Her early success in a talent competition lead to her pursuit of guitar and vocal performance. She has since ranked within the top three in several, including a Silver in vocal performance at the 2020 Virtual World Championship of Performing Arts, a Silver and Industry Awardee in vocal performance at the 2017 World Championship of Performing Arts in Long Beach, California, the 2019 Karaoke World Championship in Tokyo, Global Pinoy Idol, and Hurr.tv's Bakat Ohsem Malaysia.

Music career
Yazmin Aziz's first single Lihatlah was co-written with Vince Chong. She worked with M. Zukilfli on the lyrics, which she both sings and raps.

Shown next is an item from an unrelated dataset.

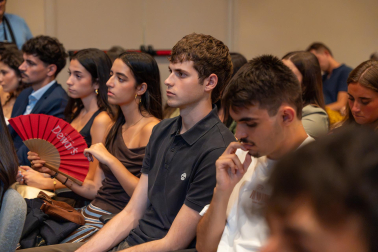 Fotos del acto de bienvenida a los participantes en los Cursos Europeos de Verano 2026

The song was picked up by Warner Music for distribution.

Yazmin has had notable performances in Philippines and Malaysia including appearing on the national broadcast show ASAP Chillout singing music she wrote, along with the beatbox performance of Michael Pacquiao and has also charted nationally with her single Cold Rainy Days and Soul Connection on the Hitz Met10. Her other single “Paradise”, a collaboration with Filipino-American artist, Bobby Skyz, also charted on Rakita. 

Yazmin was also Hitz Artist of the Month: Homegrown for the month of November 2020.

Yazmin has collaborated with Filipino-American artists JayR and Kris Lawrence, as well as Libyan producer Debani.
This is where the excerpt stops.